Long story short—running the tests did not produce much of a result except loads of red—as clusters add some powerful (and quite nasty) specifics to the game.

A good way to explain these specifics is bespoke CAP theorem [1]: basically, it assumes that an application cannot at the same time be

  • Cconsistent (i.e., whichever endpoint you ask, you get the latest and only-valid response)
  • Aavailable (i.e., you can get an answer immediately, even with ongoing work on other endpoints)
  • Ppartition tolerant (i.e., there are several parts / endpoints operating in parallel)

Instead, there is always a tradeoff to be balanced out individually. CouchDB (like many others) decided to make a tradeoff at the C-part, specifically, there is no guarantee that all endpoints will (immediately) produce the same and only-true result (e.g., because the cluster has not fully synced just yet). Furthermore, combining the result has the potential for further surprises (because naturally-ordered results from several machines might be combined). Nothing here is specific to CouchDB, it’s a general tradeoff in the CAP space.

What this consistency issue now means is that many of the assertions which held true in the non-clustered version are no longer always valid. The most nasty thing here is: test might be green one run and red the next and green the next and so on. You could really say that the C stands for Crazyheisenbug [3] / [4] , i.e., absolute truth is replaced with probability.

Shame you can’t test probability. And you shouldn’t try either—rather, a way is to dig a little deeper into how the cluster works to come up with rewritten tests whose assertions will always be true and meaningful, i.e., running the test gives a valuable statement about whether or not the current codebase is sound (as opposed to expect(true).toBeTruthy() 😉 ).

It’s up to you to judge whether that attempt succeeded, but here are the lessons learned:

Lesson learned #1: Think long and hard about ordering

Apart from naive balancing (like modulo-ing some ID to decide the one and only system to always handle some data without ever combining several systems’ results), the result in a cluster is computed dynamically from several shards that might reside in several processes or even several nodes.

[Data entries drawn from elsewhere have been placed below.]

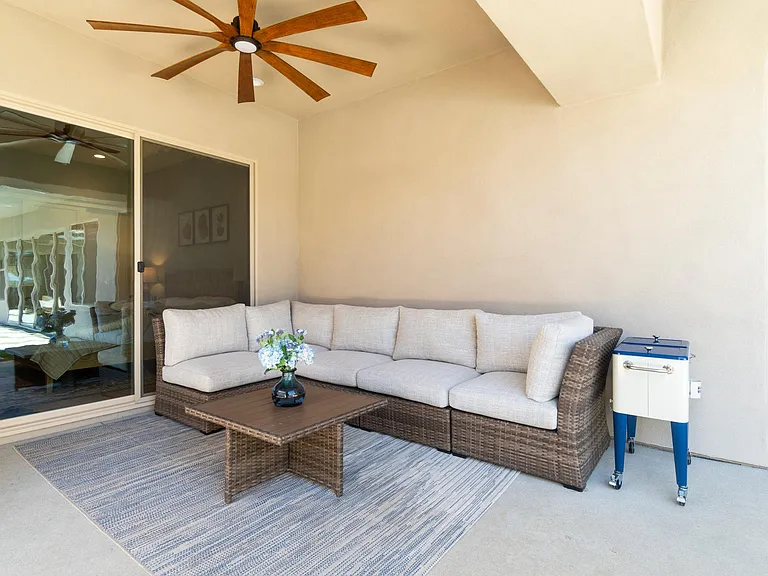 The outdoor covered patio features a cozy sectional with overhead lighting and a breeze coming from the ceiling fan.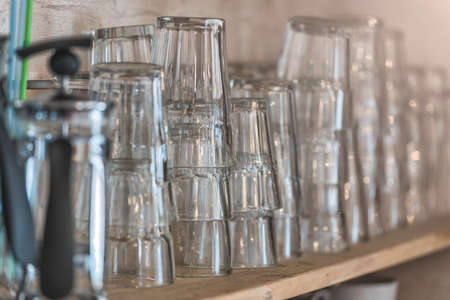 Set of glasses on the wooden shelf, tonedの写真素材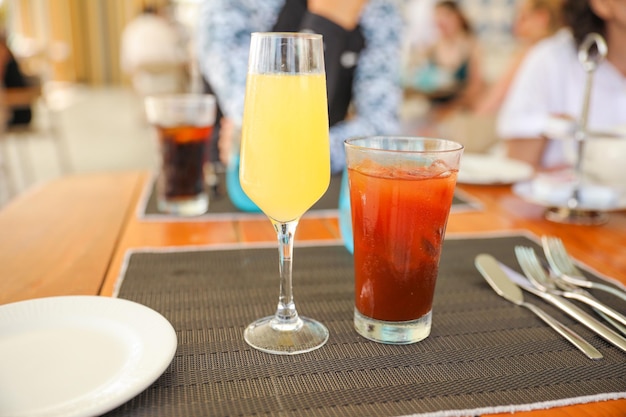 Ein Glas Orangensaft und ein Getränk auf einem Tisch.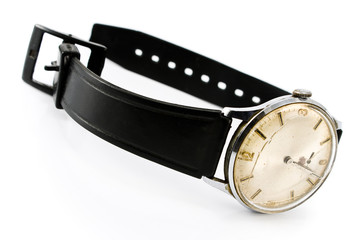 Old broken wristwatch with black strap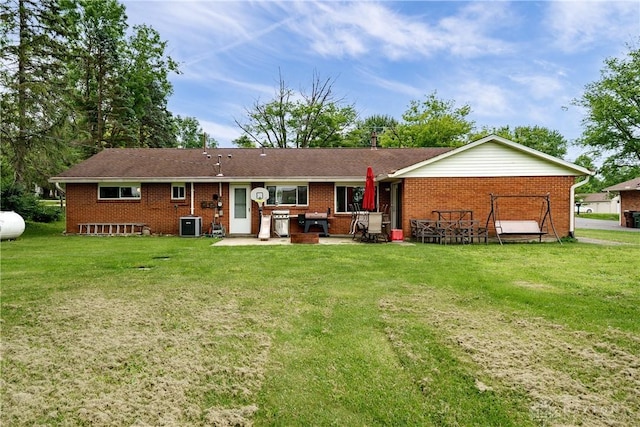 1864 E Lytle 5 Points Rd Unit R, Centerville, OH 45458 - back of property featuring a patio, brick siding, and a lawn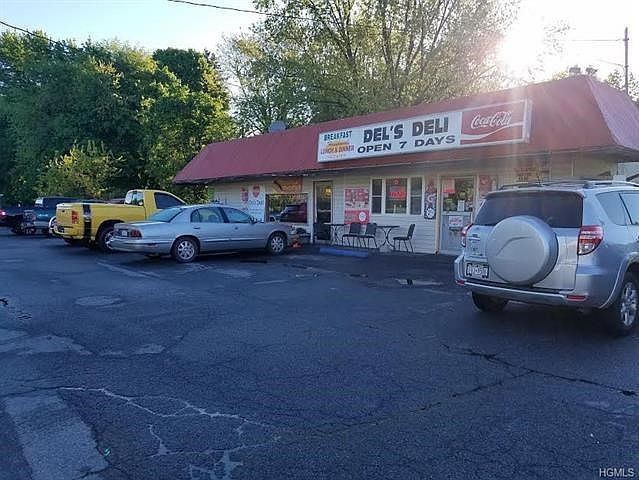 Del's Deli a multi-functional store where current customers are greeted and a purchase, food-to-go, lottery tickets, or wiring m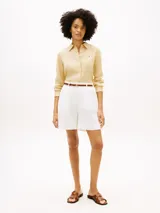 Camisa de lino puro color beige, de corte amplio y mangas largas, con cuello inglés, cierre frontal de botones y logo bordado en el pecho. Marca Tommy Hilfiger.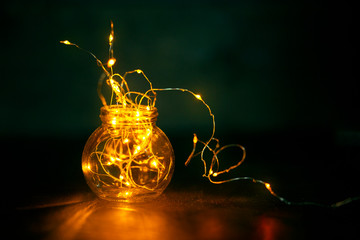 Wall Mural - garland in a bottle, christmas wallpaper concept. the warmth and comfort of home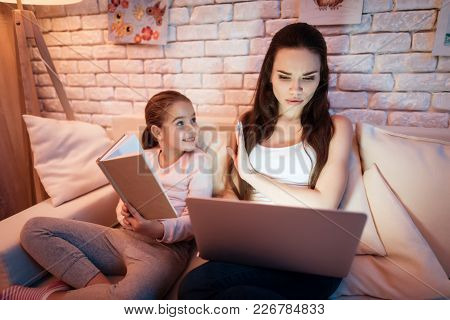 Little Daughter Wants Nother To Read Book But Mother Is Busy On Laptop At Night At Home.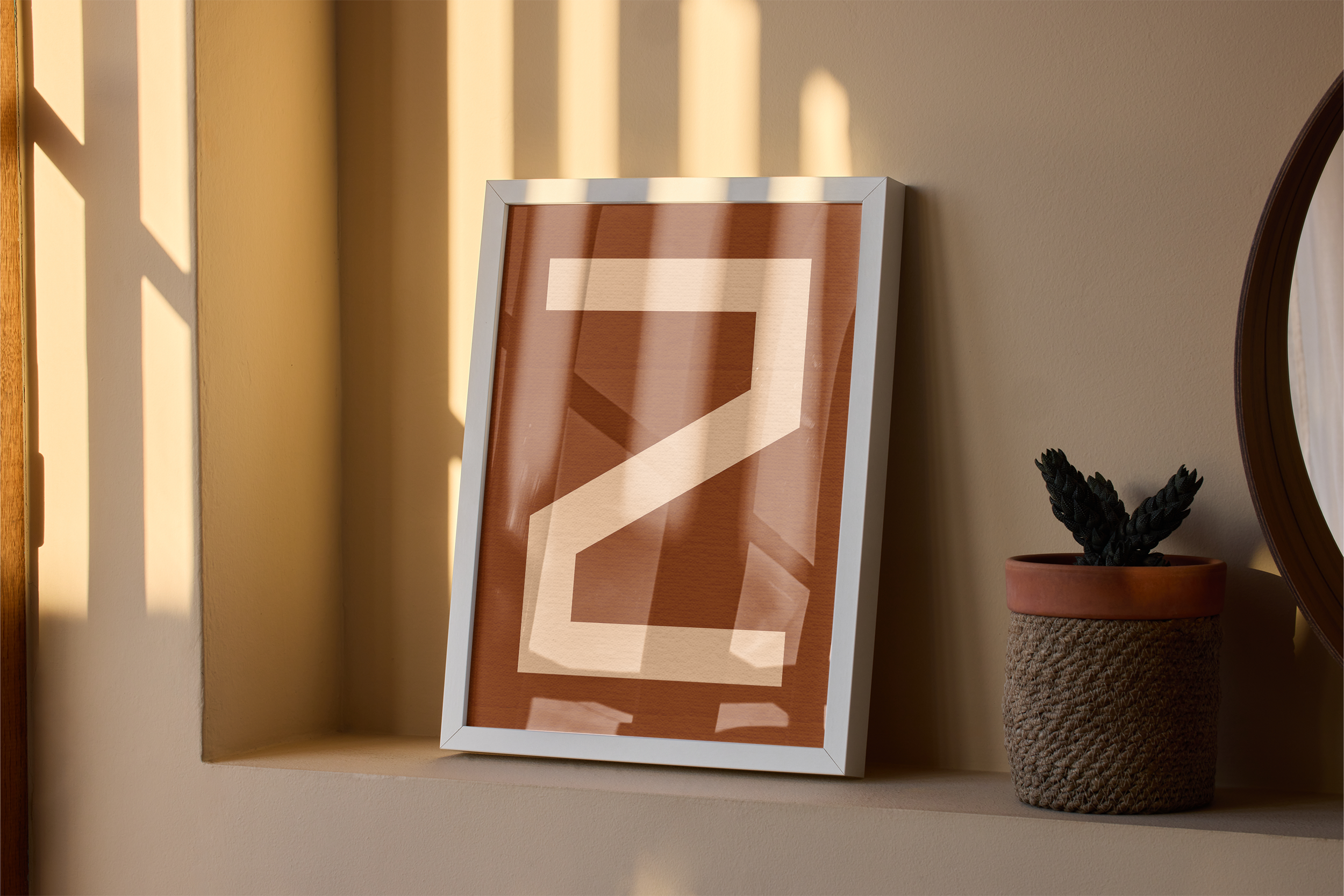 A white framed print featuring a large, abstract letter 'Z' in white on a brown background, resting on a beige shelf with a small potted plant and a round mirror nearby, bathed in sunlight and shadow stripes.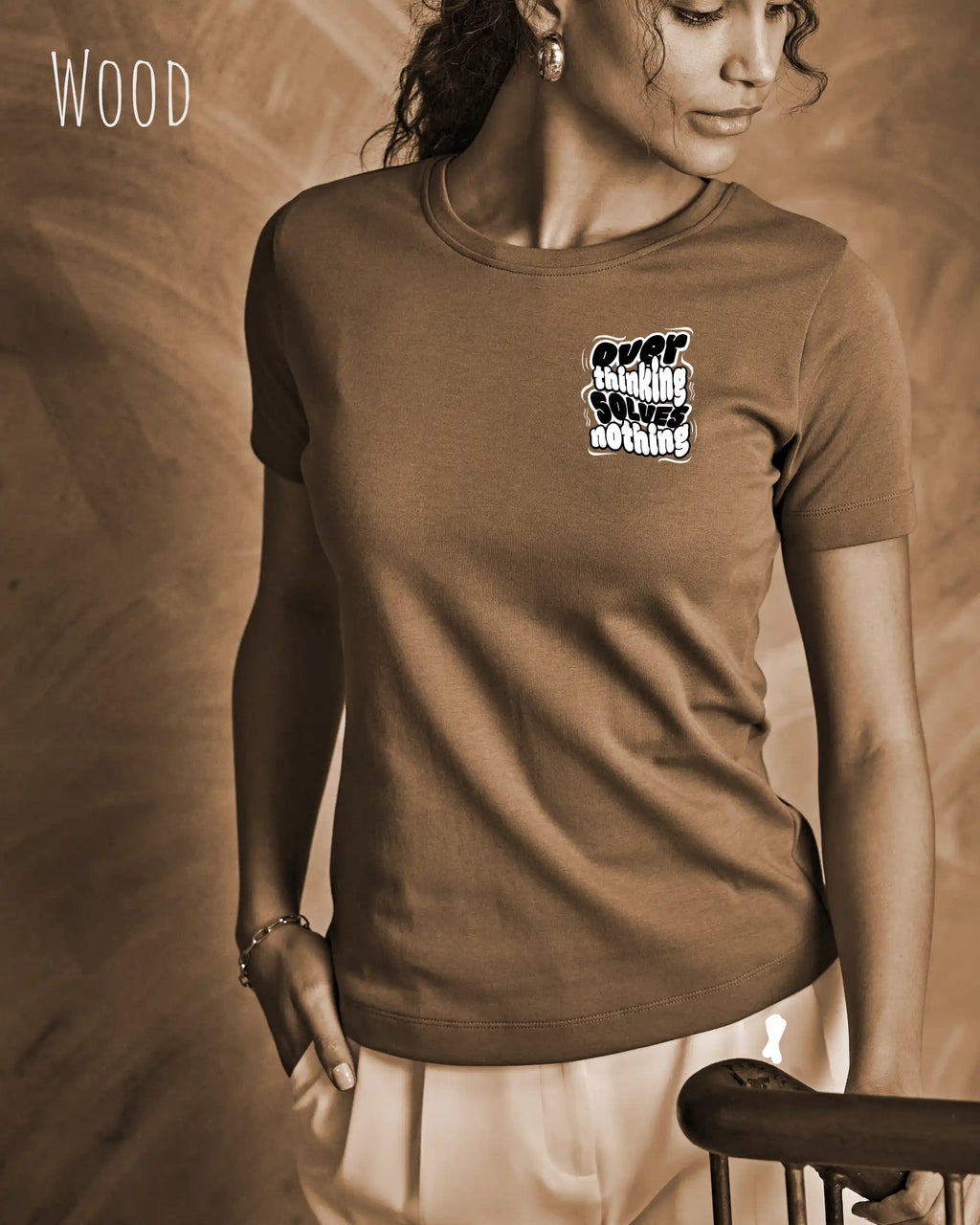 diese Abbildung zeigt eine frau, die ein feminines design-t-shirt in der farbe wood mit dem ausdrucksstarken design "overthinking solves nothing" oben links trägt.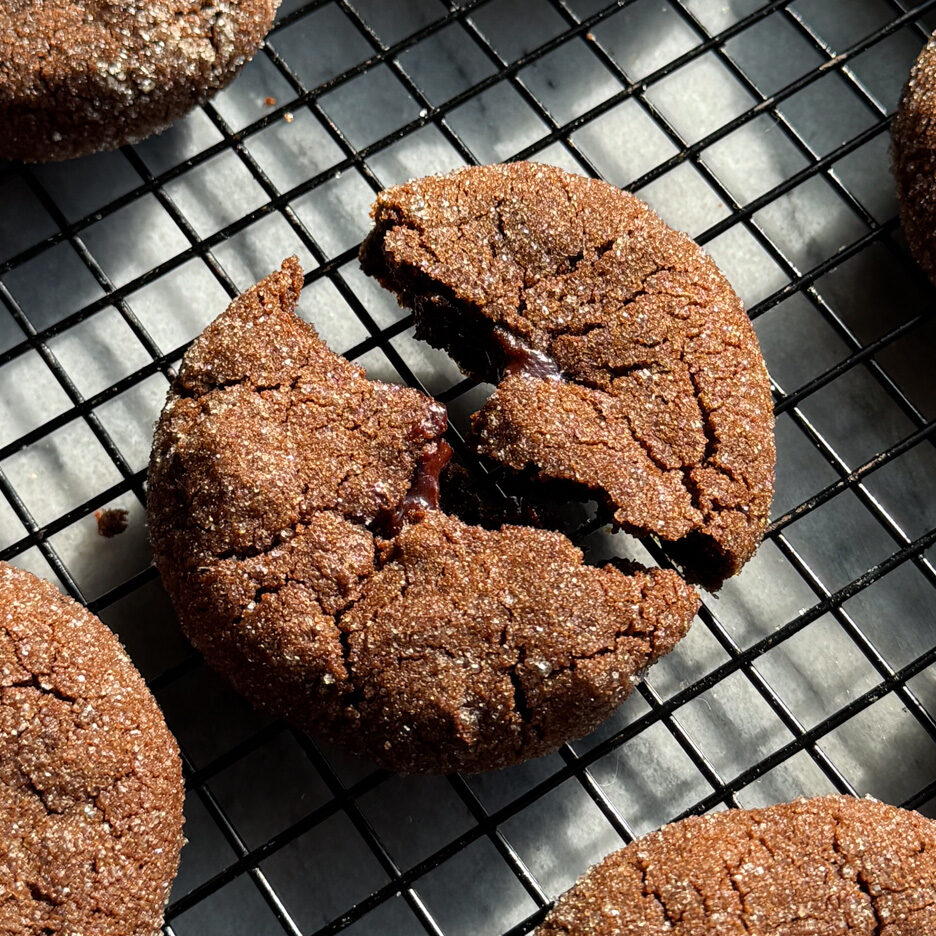 Double chocolate filled cookies on a black metal cooling rack.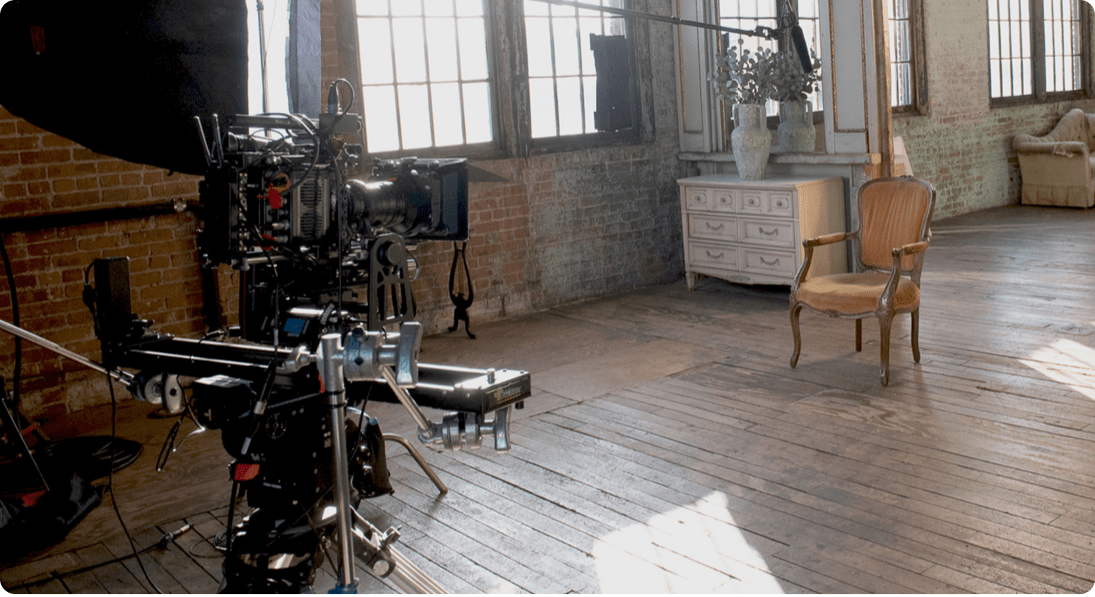 Camera equipment and a chair in a room.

Combining several (partial) lists coming from several shards into one list breaks some assumption: First, for time-based lists, there is no absolute guarantee of time; second, for sequence-based lists, there are several systems with their own sequence (CouchDB solved this by appending a hash to the numbered sequence); and lastly, for several identical keys there is not necessarily the expected natural order any more (because results are copied together from shards and the order can get scrambled).

When looking at the _changes feed (a nice CouchDB feature for getting immediate feedback on changes in a database): say you insert four documents (1, 2, 3, 4) in order to the cluster and then query the _changes feed. _changes will contain all four—but in ANY order (not necessarily 1, 2, 3, 4— it can also be 3, 2, 1, 4 or 4, 2, 1, 3 or even 4, 3, 2, 1, you simply don’t know).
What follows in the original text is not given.